Le 17 Avril 1918
Chers Parents
Ouf !! Je viens d’écrire cet entête de ma plus belle main, m’attardant dans les tournants et fignolant mes lettres, et maintenant je me creuse le cerveau pour ce que je pourrais vous dire d’intéressant.
Ma foi ! Je vais tout d’abord ma plaindre : je n’ai pas eu de lettres depuis 3 jours et le temps commence à être long. J’attends pour demain…
Le fameux paquet de Jeanne doit être encore au fond d’un fourgon, car je n’en vois point la couleur. Je me demande comment cela se fait. Les Richard m’avaient envoyé à l’occasion de Pâques un colis qui est parti de là-bas le 2 avril et qui m’est parvenu avant-hier. Pourquoi celui de Jeanne est-il en panne ?
A propos de colis, j’en ai reçu un le jour de Pâques de cousine Camille. Il contenait ces cakes fameux dont elle vous avait parlé pendant ma perm. C’était épatant et je les ai remerciés comme de juste.
Notre cours se poursuit. Ce n’est pas très féroce, et à part cette gymnastique Hébert (la « Bébert », comme disent la poilus) qui m’horripile, c’est assez intéressant, mais on sent que ce cours n’est pas très stable et qu’il peut être arrêté à la prochaine occasion : on ne fait rien bien à fond.
Du reste, ce n’est guerre la peine de se bourrer le crâne à fond, 4 à 5 jours d’attaque nous ferait tout oublier.
Nous faisons nos cours dans une salle d’un château qui appartient à un Marquis de l’Aigle. « Grandeur et Décadence »… des monuments !
Et le parc nous sert de terrain d’exercice.
Je vois le nez de ce brave marquis et de la vieille marquise quand ils reviendront de leur « Arcachon » ! Peut-être touchent-ils leur «allocution » d’émigrés !
En tous cas, s’ils veulent en vouloir à quelqu’un, ce sera à nos braves ( ?) Anglais qui ont fait ici des choses plutôt « shocking » ;
Maintenant c’est fini ! L’inspiration me manque ! Le flot « berceur »( !) de ma plume( !) se brise sur les falaises monotones où nous croupissons !
Vais-je maintenant vous assommer de vains discours ?

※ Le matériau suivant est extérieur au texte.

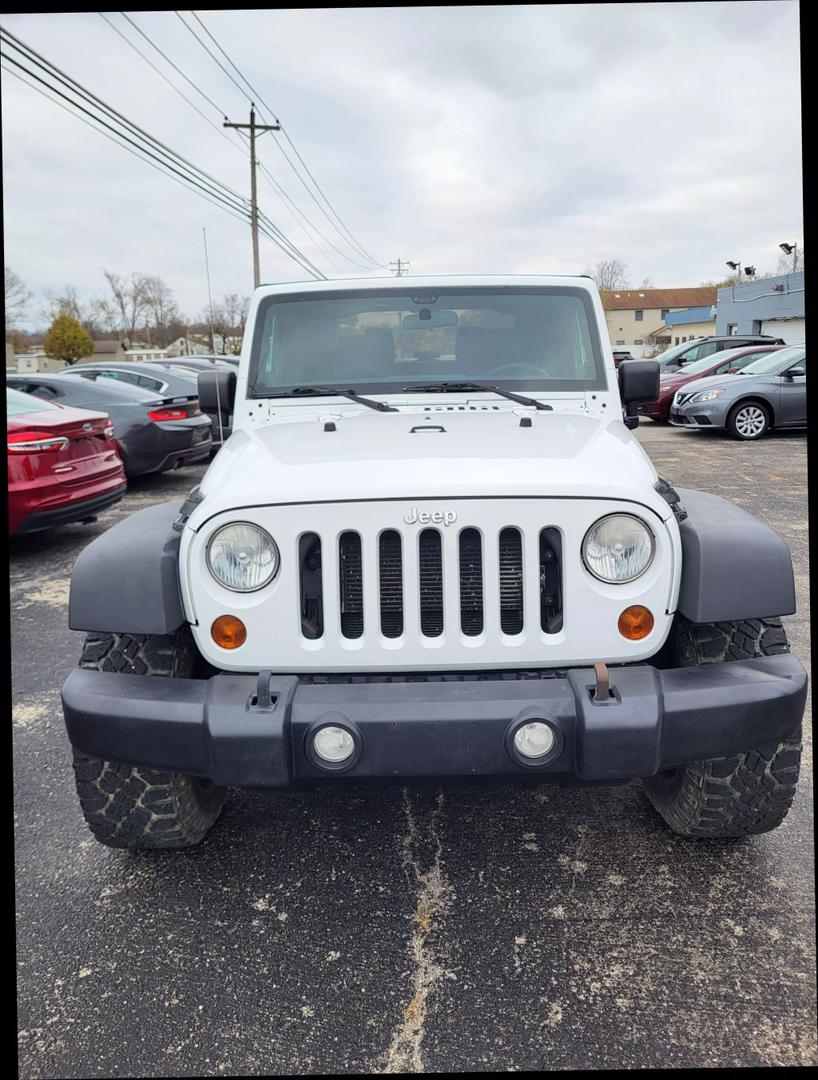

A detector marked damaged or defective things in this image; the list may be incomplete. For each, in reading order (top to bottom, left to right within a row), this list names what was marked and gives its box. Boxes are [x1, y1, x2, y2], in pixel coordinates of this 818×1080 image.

Inutile ! Le sage dit que le silence est d’or. J’en profite pour me taire, sans être plus riche pour cela, et je vous tire ma révérence.
P.Collot
Oh, Pardon, je ne suis pas un embusqué ! Pas de révérences, un garde à vous sonore ! Un salut à la chasseur ! Et … une section de baisers affectueux à tous !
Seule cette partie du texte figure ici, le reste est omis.